* [TASK DETAILS]
The lines from the one holding "Calzini Adidas IC1311" to the final line of the listing below are to be duplicated exactly, with both ends included and pictures omitted.

* [DATASET RECORDS]
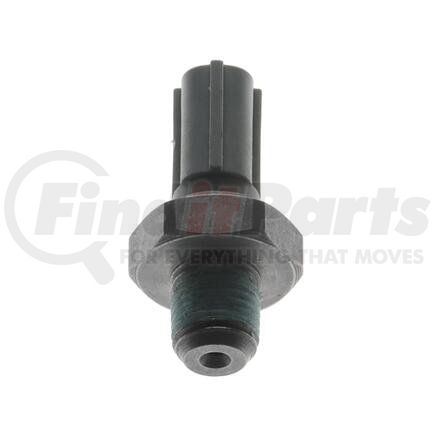 PS655 by STANDARD IGNITION - Oil Pressure Light Switch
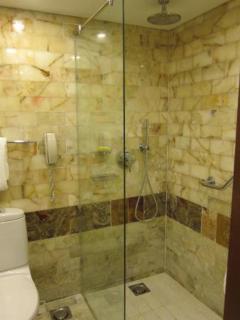 Charming luxury home - Karatschi - 3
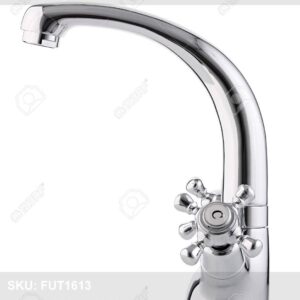 Shower Fixtures Near Me Hand Faucet Kitchen Tap Price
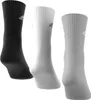 Calzini Adidas IC1311 da Unisex Anteprima dell’immagine prodotto 10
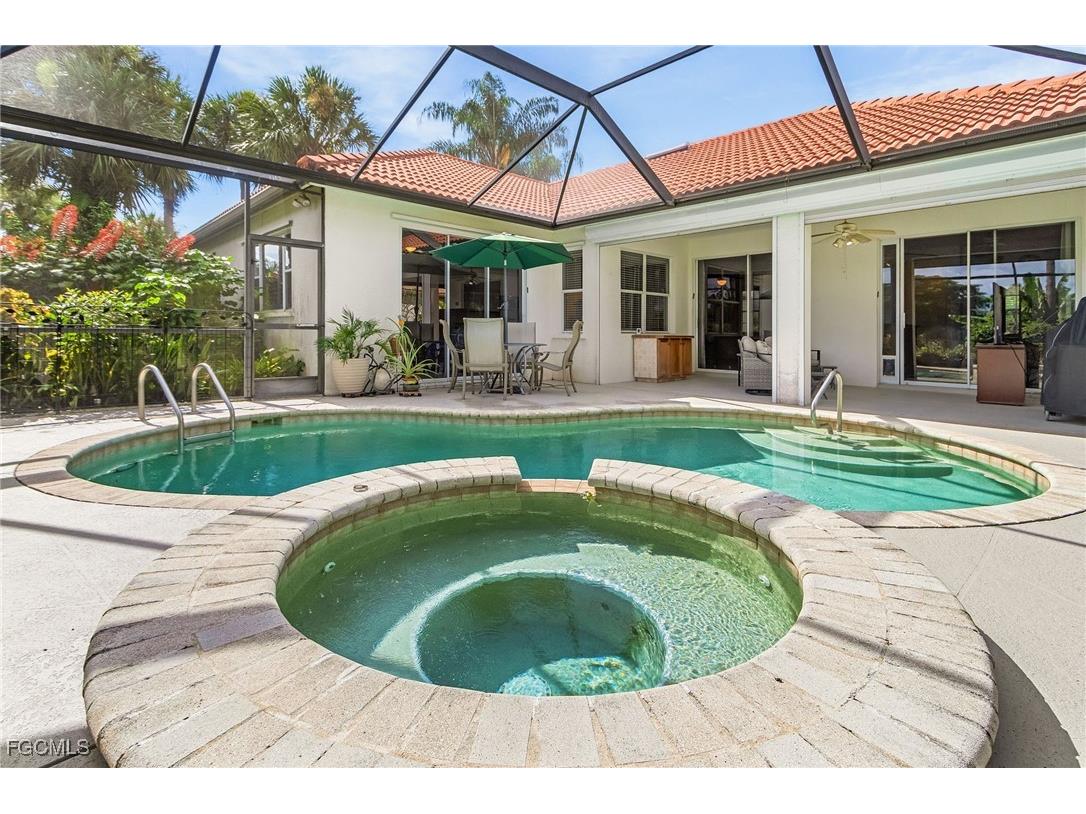 11195 Callaway Greens Drive Fort Myers FL 33913 2025022033 image26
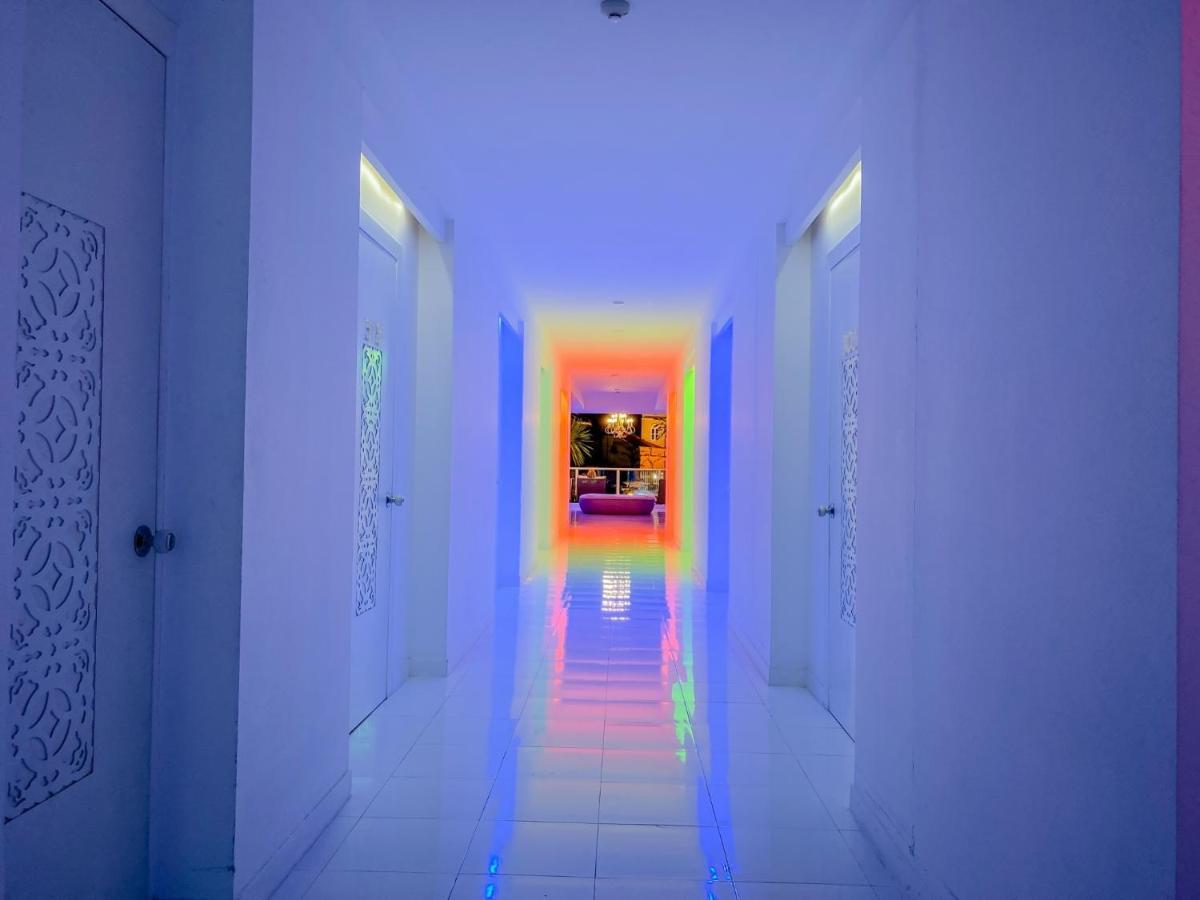 Sino Imperial Phuket - Sha Plus Bagian luar foto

* [REPLY]
 Calzini Adidas IC1311 da Unisex Anteprima dell’immagine prodotto 10
 11195 Callaway Greens Drive Fort Myers FL 33913 2025022033 image26
 Sino Imperial Phuket - Sha Plus Bagian luar foto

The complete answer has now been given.